No âmbito do processo que corre no Ibama, contudo, a defesa da ONG informou entender que a autuação merece ser anulada devido a “diversos vícios formais e procedimentais que a maculam”.
“O criadouro está situado em área rural, contígua ao Parque Nacional das Emas, com incidência significativa de animais selvagens, podendo estar sujeito às intempéries inerentes à existência em tal ambiente, bem como ao lado de propriedades rurais onde circula a fauna típica da região. Por conhecer os riscos de ataques inerentes à sua localização, o IOP está atento às melhores técnicas aplicáveis e, para fins de garantir a segurança de suas instalações, os recintos são equipados com revestimentos e cercas de tela”, afirma os advogados.
Apesar dos 125 óbitos registrados nos últimos sete anos, o IOP nega haver um alto índice de mortandade no criadouro e assegura não ser possível atribuir as mortes a atos de negligência, imprudência ou imperícia.
“Houve casos em que predadores selvagens foram capazes de romper os equipamentos de segurança que resguardam os recintos e, lamentavelmente, atacaram os espécimes alojados no criadouro. O IOP imediatamente tomou todas as providências para reconstruir as cercas e telas de proteção, a fim de restabelecer o isolamento dos recintos e evitar novos ataques”, relata o instituto.

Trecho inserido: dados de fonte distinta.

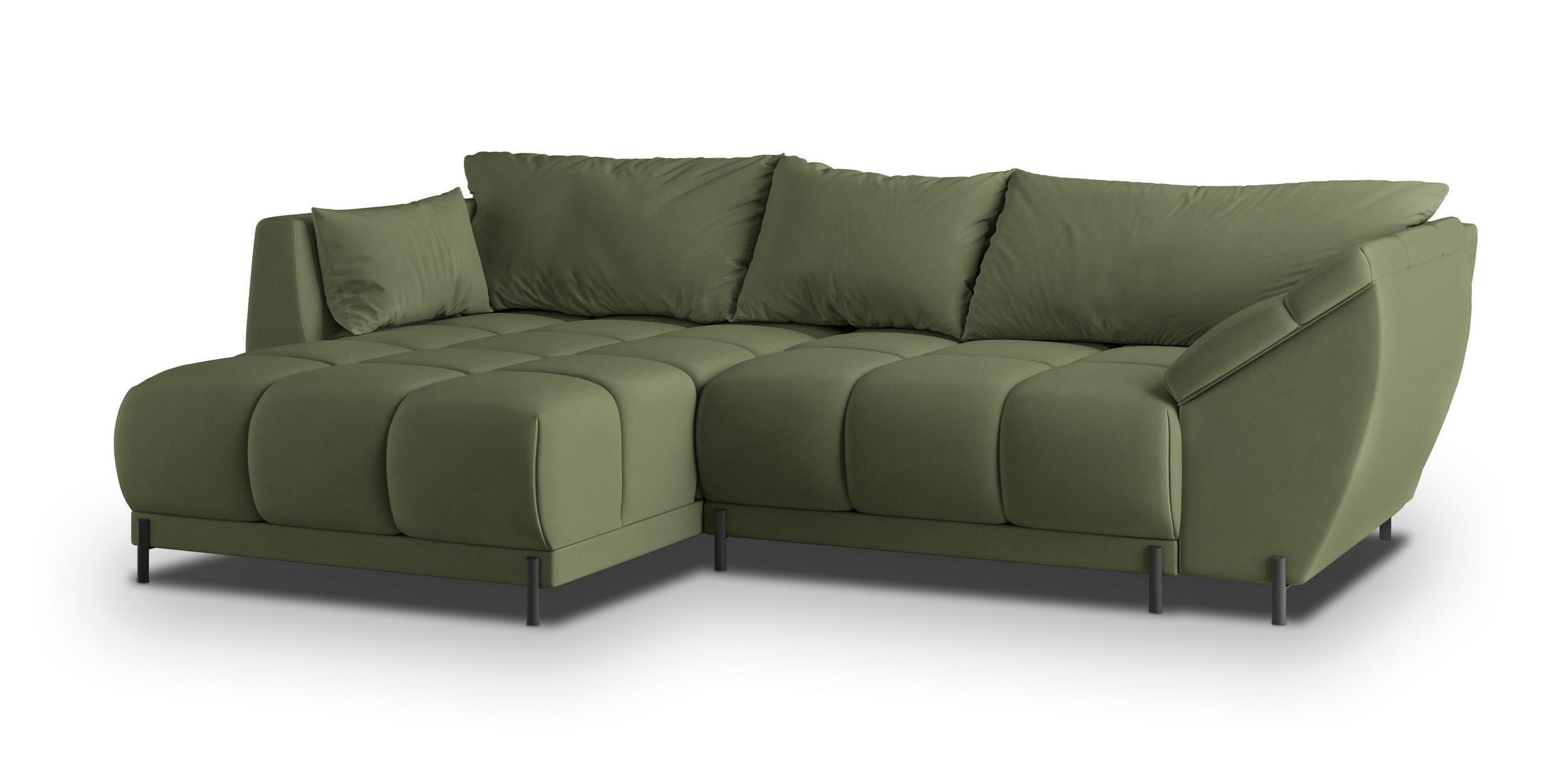 ECKSOFA VESTANO L-S Grün Velours-Stoff mit Schlaffunktion - Grün, Holz (287/182cm) - MASSENO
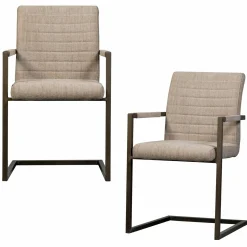 Eetkamerstoel Bas Geweven stof - Zand - Loft24.nl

“Com relação à predação por serpentes, cumpre elucidar que a única medida de contenção efetiva seria o emprego de vidro como revestimento dos recintos. Tal material, contudo, não é o recomendado pelas normas técnicas para a manutenção das espécies com que trabalha o criadouro, inclusive por evitar uma adequada circulação de ar”, complementa.
A ONG afirma também que as situações são absolutamente imprevisíveis e irresistíveis, de modo que não servem como prova alguma de negligência.
Sobre os envenenamentos, explicou que a substância tóxica somente foi acessada pelos animais pois teria sido carregada pelos próprios roedores para o interior dos recintos. “O IOP nunca teve por prática colocar veneno em locais que seriam alcançados pelos espécimes sob a sua guarda e manutenção, pois bem conhece os riscos que tal atitude representaria”, assegura a defesa.
Já em relação às brigas entre animais da mesma espécie, o instituto diz se tratar de algo comum à natureza animal (e humana). “Ao IOP seria impossível garantir que os espécimes nunca entrariam em conflito, até porque na própria natureza tais situações ocorrem. Tampouco poderia se pretender que o criadouro mantivesse cada espécime em isolamento dos demais, o que seria extremamente prejudicial ao seu desenvolvimento, bem como inviabilizaria a reprodução com viés conservacionista”, defendem.
Por fim, a defesa alega que as infrações foram aplicadas sem a ausência de prévia e indispensável imposição de advertência.